Ginny's father, Ben Hawker, was her mentor growing up. Together, they taught the beautiful old singing of his Primitive Baptist Church for ten years at the Augusta Heritage Workshops in Elkins, WV. He went with her to the Smithsonian, the Chicago Folk Festival and the Vancouver Folk Festival where their family harmony left an indelible memory with their listeners. Ben also introduced her to early Bluegrass harmony through the oral tradition. Ginny continues to honor his style and grace with her singing and storytelling
When they met in 1988, Tracy had already spent 26 years as a member of The New Lost City Ramblers, the traditional stringband responsible for introducing urban audiences to southern rural music in the 60's and 70's. He was also deep into Cajun music, playing accordion, fiddle, guitar, and always singing in such a soulful way that many people worldwide were drawn to the music he represented so well. The Ramblers have twice been nominated for a Grammy.

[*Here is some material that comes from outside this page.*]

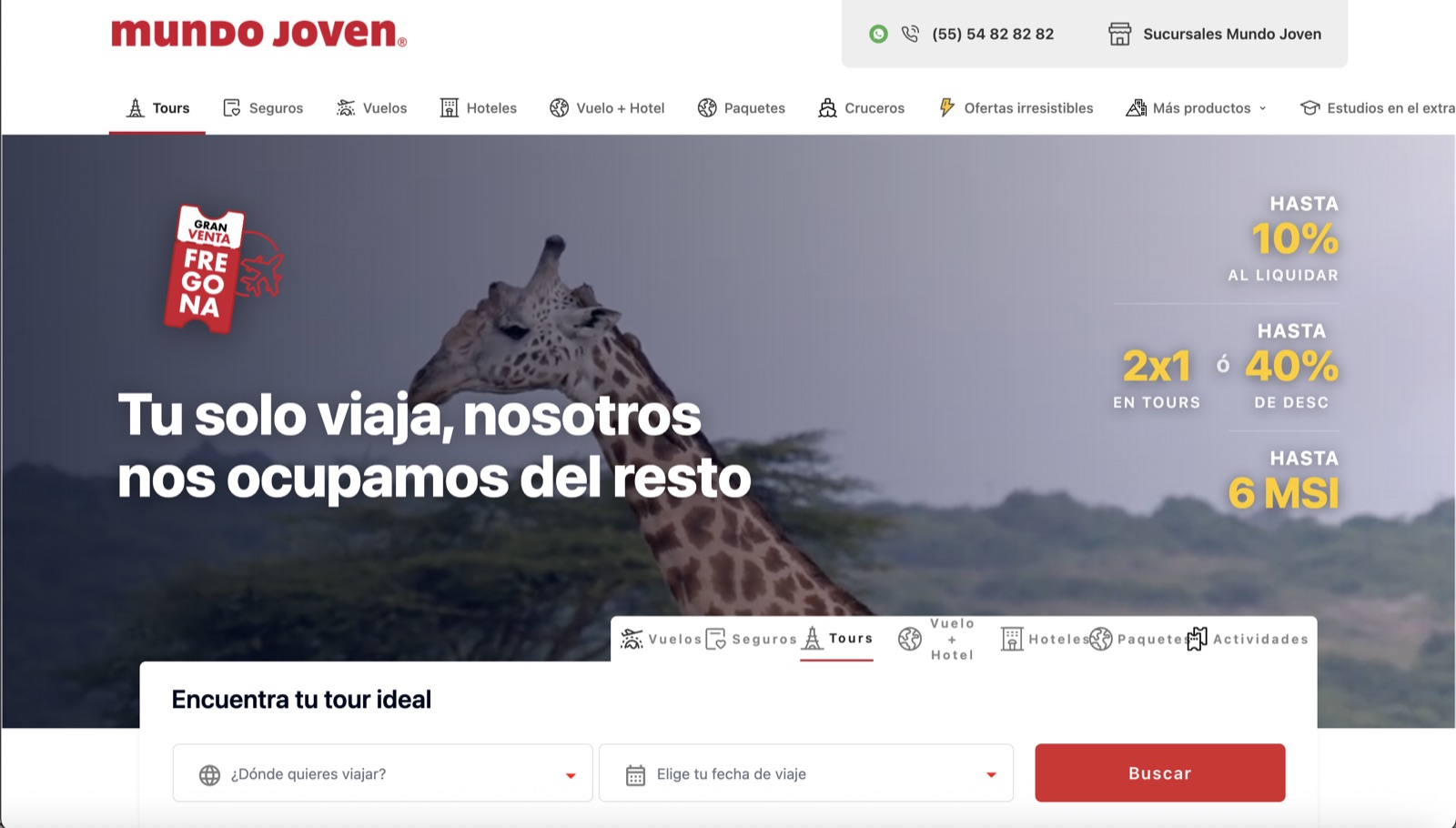 De un e-commerce tradicional a una máquina de adquisición digital.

For the past 15 years, Ginny and Tracy have appeared in concerts and festivals throughout the United States, Canada, and England. Each summer they teach southern traditional singing at several music camps introducing people to the music they love. Recently they have started teaching students in their West Virginia home.
In concert, Ginny and Tracy will cover everything from the beautiful unaccompanied ballads of the south to early Bluegrass duets to the songs of The Carter Family. You'll hear fiddle tunes, gospel songs as done in rural families, even some classic country songs. What their concerts will lack is "fillers." Every song they do means something special to them and will invite you to join them in the celebration of your heritage.